Would you call that spirituality? Some of it?

Some of it may well be, but I would want to reserve ‘spirituality’ for something deliberate; something where people are giving thought to those questions and are producing reasonably coherent answers. I think one can define spirituality as a set of beliefs and identities predicated on the supernatural, where the supernatural is not an external Creator God but some kind of force which is often and largely within us already. That is, supernatural power is to be found within.

There are some spiritual people though not that many of them. In 2001 Paul Heelas and Linda Woodhead studied Kendal trying to identify everybody involved in some kind of holistic spirituality in which they included a lot of health and well-being things. I think they came up with the figure of 1.9% of the population who were involved with the holistic spirituality milieu and of those, half said they were not doing it for spiritual reasons. They were doing it for physical and psychological well-being. So we're down to less than one per cent of the population. So it's a very small constituency.

It is hugely interesting because it raises a lot of questions about how people organise beliefs and relate to each other on the basis of them. One of the reasons why spirituality is considerably weaker than religion is that spiritual people tend to be unable to agree, except about the most general things. When they get to specifics they always disagree. They don't produce concerted action.

One of the things that always interested me -- I kept asking Paul Heelas about this – is, if New Agers are culturally alternative, where are the New Age schools, prisons, colleges? Where are their communities. They don't exist because New Agers are by and large incapable of joint action because of the principle that there is no authority higher than themselves. Each of us must accept only that which rings true to us. And if you start with that incredibly individualistic view, then you're almost making social action impossible. Spirituality is interesting but I don't see it as being in any sense an alternative to religion that is going to grow and fill the gap left by the decline of religion. I'm not holding my breath waiting for the spiritual.

I don't mean to get pessimistic. I'm not sure one needs to view either the human mind or a society as having a series of fixed compartments defined by certain characteristic functions so if one of those compartments becomes empty because what used to fill disappears, then something else is going to rise to fill that compartment.
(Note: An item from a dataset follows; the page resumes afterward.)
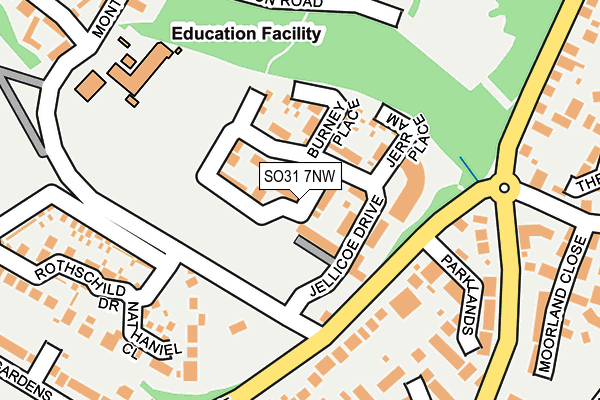 SO31 7NW map - OS OpenMap – Local (Ordnance Survey)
I don't think one needs to view it like that. I think people just get on with their lives and find other things to do. It is often said that as people have become less religious, interest in other apparently similar things should increase to fill that gap. I don't think it has. I think that all this demonstrates is that we are quite capable of getting by without religion. When my auntie was very ill, she was regularly fed by a neighbour who brought her hot food. Thirty years ago that woman might have been a very religious person, seeing what she was doing as a Christian charity. But she was doing it because it was the right thing to do, and she continued without the theological background.

I certainly don't worry that secularisation will bring with it a whole load of bad things. Some theorists of secularisation have written some of the most depressing things I've ever read. Bryan Wilson, for example, wrote that, as the collective conscience -- the extent to which we share common religious beliefs -- declines, so there would be a corresponding rise in tyranny. External surveillance would be required to replace internal surveillance. I think he used the phrase thirty years ago when they were still rare, that the all-seeing eye of God would need to be replaced by the all-seeing eye of the CCTV camera. He was wrong. I don’t think we need to be pessimistic about a future without a shared religion.